Iraq Losing Billions in Petroleum Revenues
AFP reports that interim Iraqi Minister of Petroleum Thamer Ghadban says that sabotage and lack of refining capacity has cost Iraq $7 billion since March, 2003.
Iraq’s production has fallen to such low levels that it actually has to import oil, paying $200 million per month for it, or nearly two and a half billion dollars a year!
Iraq’s current upward production capacity is about 2.8 million barrels per day, with 700,000 bpd coming from the northern Kirkuk fields, and 2.1 million bpd coming from Rumayla and the south.
But pipeline sabotage by guerrillas have cut production so significantly that Ghadban now admits that his goal is to “bring our exports up to 1.8 million bpd . . .”
Obviously, Iraq isn’t actually producing much oil if this is his target for now.
Any hope that Iraqi exports will make much of a dent in the current shortage of petroleum (leading to $50 a barrel prices not seen in real terms since the Gulf War), is in my view misplaced.
For one thing, Saudi Arabia is producing to near capacity at 10 to 11 million barrels per day, and they would love to cut back. If they cut back to 7 million bpd, they would single-handedly wipe out all the extra oil Iraq could conceivably pump in the near to medium term, and then some.
Also Iraq will consume much of the new petroleum it produces for one thing. Ghadban points out that Iraq now needs 5.2 million extra gallons of gasoline just to keep the 700,000 automobiles imported since the fall of Saddam on the road. If Iraq can get enough security to pump oil, it will also get enough security to build factories and buy goods that use a lot of petroleum.

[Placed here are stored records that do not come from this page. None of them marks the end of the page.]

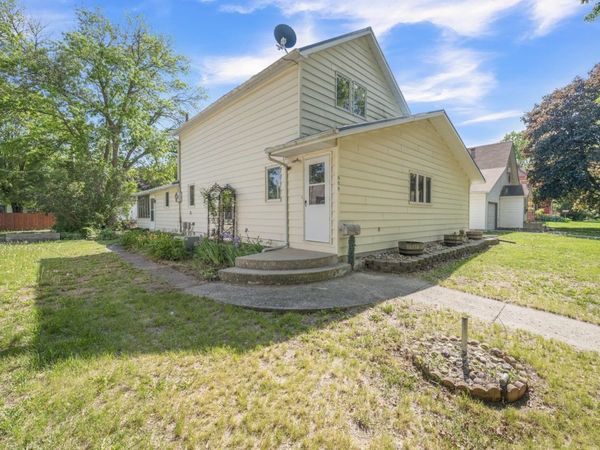 605 20th st, Spirit Lake, IA 51360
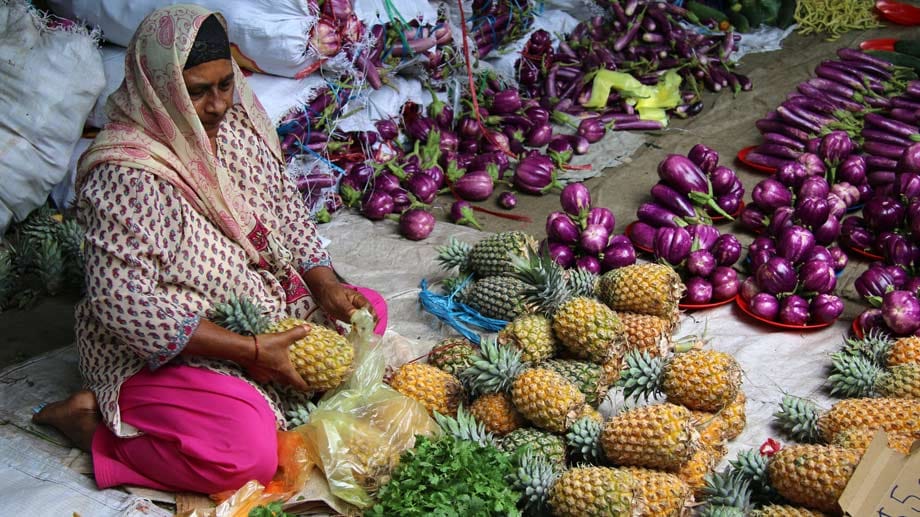 Exotische Vielfalt: Eine Händlerin präsentiert ihre Waren auf dem Obst- und Gemüsemarkt in Nadi.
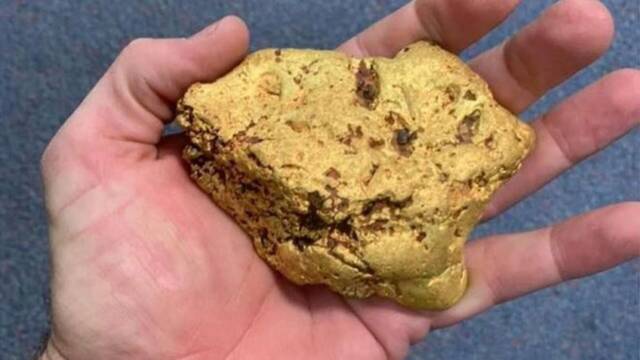 Hallan una gigantesca pepita de oro en Reino Unido valorada en ms de 35.000 euros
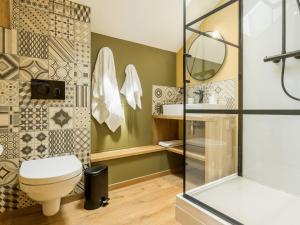 Maisons de vacances Longere moderne avec spa, billard, babyfoot, salle de sport, hammam, et Wi-Fi - FR-1-306-1288 : photos des chambres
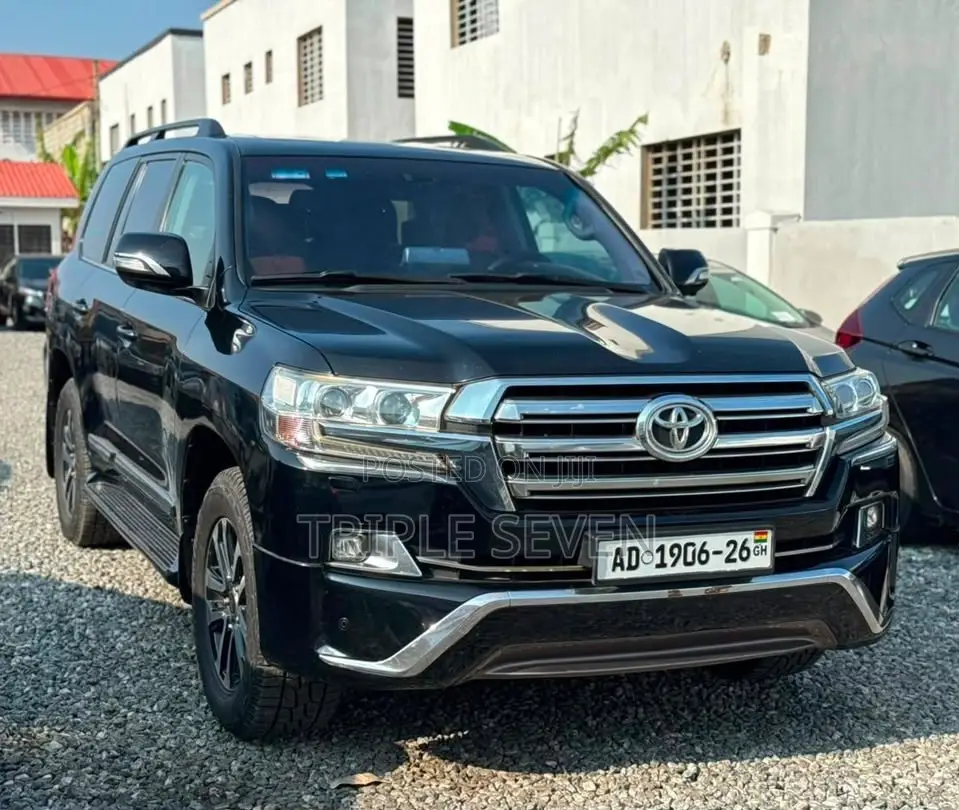 Toyota Land Cruiser 2018 Black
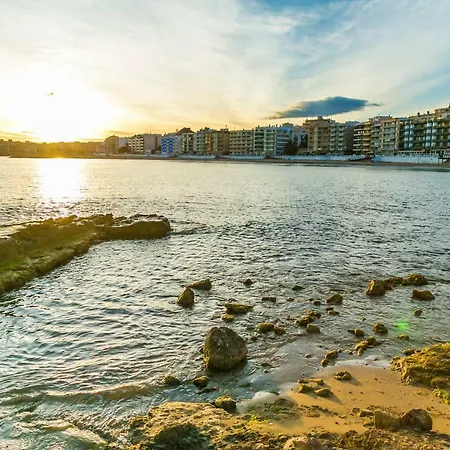 Homely El Paseo Apartamento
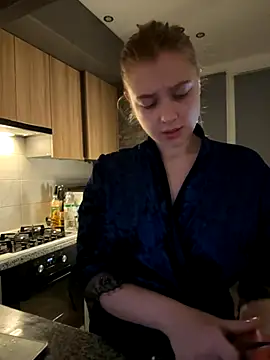 Snapshot of freiiaflower chatting on 10-27-25, 09:52 freiiaflower online show from 10-27-25, 09:52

Iraq also lacks refining capacity, and refineries can’t be built overnight nor are they cheap. The one good thing here is that probably the Iraqi government will pay for the refineries to be built, since private industry has been skittish about new refineries (one of the reasons for the current crunch).
Ghadban notes,
“The current capacity of refineries is only 14 million litres (3.7 million gallons) per day in the best of scenarios and this could fall to nine million (2.4 million gallons) due to power cuts and sabotage.”
A lot of Iraqi petroleum is also smuggled out of the country, which still brings money into the country, but it goes to the smugglers and mafias rather than to the government, strengthening criminal elements.